Exercise objective:
State how many lines in the listing below include the word "también". Give nothing but the number.

════════════════

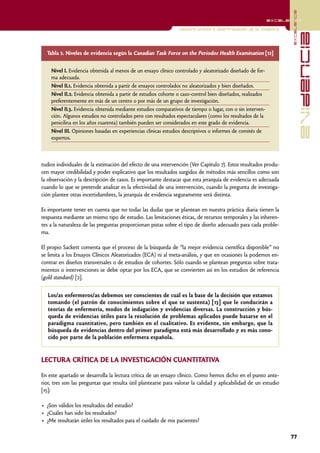 excelencia
                                                                                                            excelencia

                                                                Lectura crítica e interpretación de la evidencia




                                                                                                                                 evidencia
  Tabla 2. Niveles de evidencia según la Canadian Task Force on the Periodoc Health Examination [12]


    Nivel I. Evidencia obtenida al menos de un ensayo clínico controlado y aleatorizado diseñado de for-
    ma adecuada.
    Nivel II.1. Evidencia obtenida a partir de ensayos controlados no aleatorizados y bien diseñados.
    Nivel II.2. Evidencia obtenida a partir de estudios cohorte o caso-control bien diseñados, realizados
    preferentemente en más de un centro o por más de un grupo de investigación.
    Nivel II.3. Evidencia obtenida mediante estudios comparativos de tiempo o lugar, con o sin interven-
    ción. Algunos estudios no controlados pero con resultados espectaculares (como los resultados de la
    penicilina en los años cuarenta) también pueden ser considerados en este grado de evidencia.
    Nivel III. Opiniones basadas en experiencias clínicas estudios descriptivos o informes de comités de
    expertos.



tudios individuales de la estimación del efecto de una intervención (Ver Capítulo 7). Estos resultados produ-
cen mayor credibilidad y poder explicativo que los resultados surgidos de métodos más sencillos como son
la observación y la descripción de casos. Es importante destacar que esta jerarquía de evidencia es adecuada
cuando lo que se pretende analizar es la efectividad de una intervención, cuando la pregunta de investiga-
ción plantee otras incertidumbres, la jerarquía de evidencia seguramente será distinta.

Es importante tener en cuenta que no todas las dudas que se plantean en nuestra práctica diaria tienen la
respuesta mediante un mismo tipo de estudio. Las limitaciones éticas, de recursos temporales y las inheren-
tes a la naturaleza de las preguntas proporcionan pistas sobre el tipo de diseño adecuado para cada proble-
ma.

El propio Sackett comenta que el proceso de la búsqueda de “la mejor evidencia científica disponible” no
se limita a los Ensayos Clínicos Aleatorizados (ECA) ni al meta-análisis, y que en ocasiones la podemos en-
contrar en diseños transversales o de estudios de cohortes. Sólo cuando se plantean preguntas sobre trata-
mientos o intervenciones se debe optar por los ECA, que se convierten así en los estudios de referencia
(gold standard) [2].


   Los/as enfermeros/as debemos ser conscientes de cuál es la base de la decisión que estamos
   tomando (el patrón de conocimientos sobre el que se sustenta) [13] que le conducirán a
   teorías de enfermería, modos de indagación y evidencias diversas. La construcción y bús-
   queda de evidencias útiles para la resolución de problemas aplicados puede basarse en el
   paradigma cuantitativo, pero también en el cualitativo. Es evidente, sin embargo, que la
   búsqueda de evidencias dentro del primer paradigma está más desarrollado y es más cono-
   cido por parte de la población enfermera española.


LECTURA CRÍTICA DE LA INVESTIGACIÓN CUANTITATIVA

En este apartado se desarrolla la lectura crítica de un ensayo clínico. Como hemos dicho en el punto ante-
rior, tres son las preguntas que resulta útil plantearse para valorar la calidad y aplicabilidad de un estudio
[15]:

• ¿Son válidos los resultados del estudio?
• ¿Cuáles han sido los resultados?
• ¿Me resultarán útiles los resultados para el cuidado de mis pacientes?

                                                                                                                   77
 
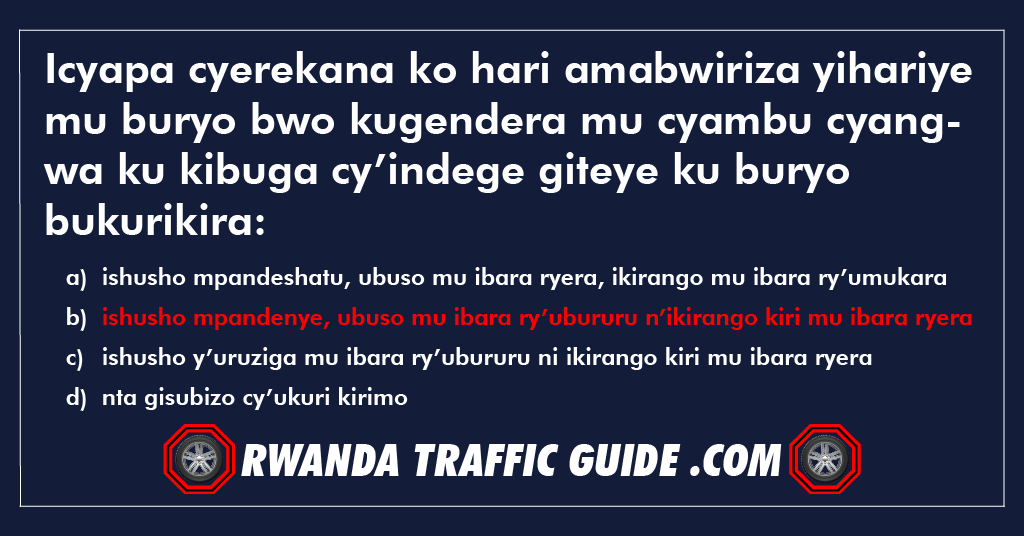 Icyapa cyerekana ko hari amabwiriza yihariye mu buryo bwo kugendera mu cyambu cyangwa ku kibuga cy’indege giteye ku buryo bukurikira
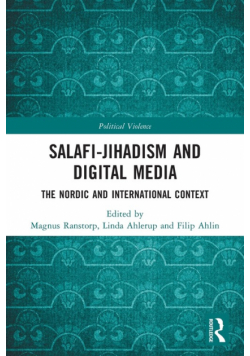 Salafi-Jihadism and Digital Media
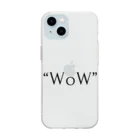 "WoW"の"WoW" Soft Clear Smartphone Case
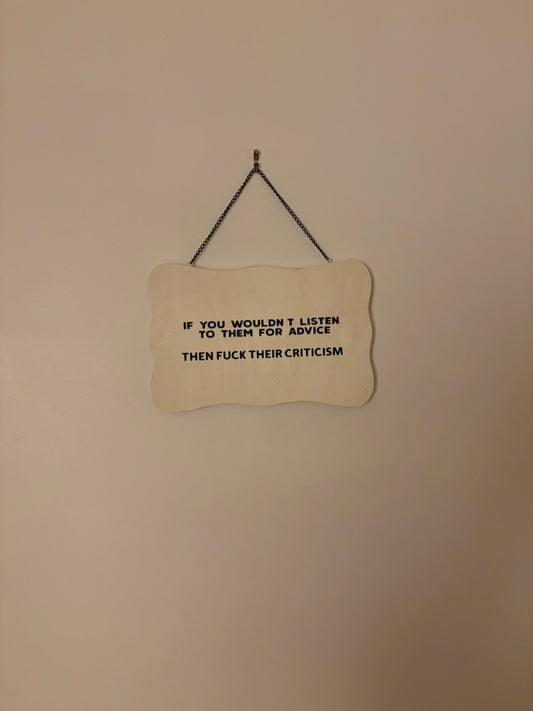 F*ck your criticism sign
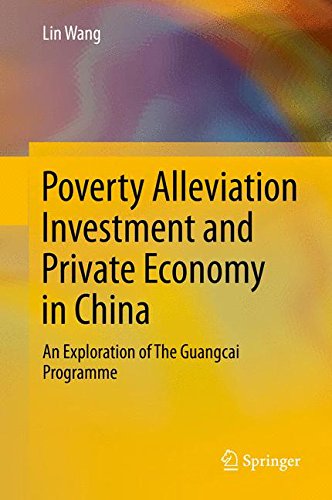 Poverty Alleviation Investment and Private Economy in China: An Exploration of The Guangcai Programme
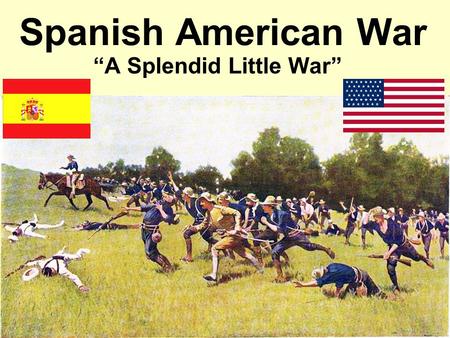 “A Splendid Little War”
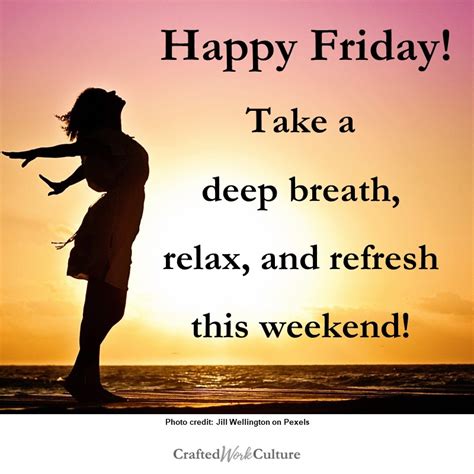 Happy Friday Take A Deep Breath Relax And Refresh This Weekend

════════════════

Response to this task:
2